The Ignitor experiment\footnote{B.Coppi, A.Airoldi, F.Bombarda, et al.,\textit{Nucl. Fusion} \textbf{41}, 1253 (2001)} was proposed and designed to achieve ignited and sub-ignited conditions in well confined deuterium-tritium plasmas. Thanks to its unique features (high magnetic field up to 13 T, high plasma current up to 11 MA, and high plasma density up to $5 \times 10^{20} \rm m^{-3}$), Ignitor is the only device capable of exploring plasma regimes that are relevant to a net power producing D-T reactor and are not accessible to other existing or planned machines. Double X-point scenarios with magnetic field up to 13 T and plasma current up to 9 MA are analyzed.

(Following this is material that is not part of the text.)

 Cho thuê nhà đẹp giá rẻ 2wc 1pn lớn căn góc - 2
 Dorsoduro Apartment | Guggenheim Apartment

In these configurations, the access to a high confinement state is assumed when the available plasma heating power, supported by the injected auxiliary power, is larger than the L-H threshold value, according to recent suggested scalings\footnote{D.C. McDonald, A.J. Meakins, et al., \textit {PPCF} \textbf{48}, A439 (2006)}. The H-regime is modeled by a global reduction of the thermal transport coefficients used for the L-regime. Situations in the presence and in the absence of sawtooth oscillations have been investigated. Quasi-stationary conditions can be attained when a process producing re- distribution of pressure and current profiles is active.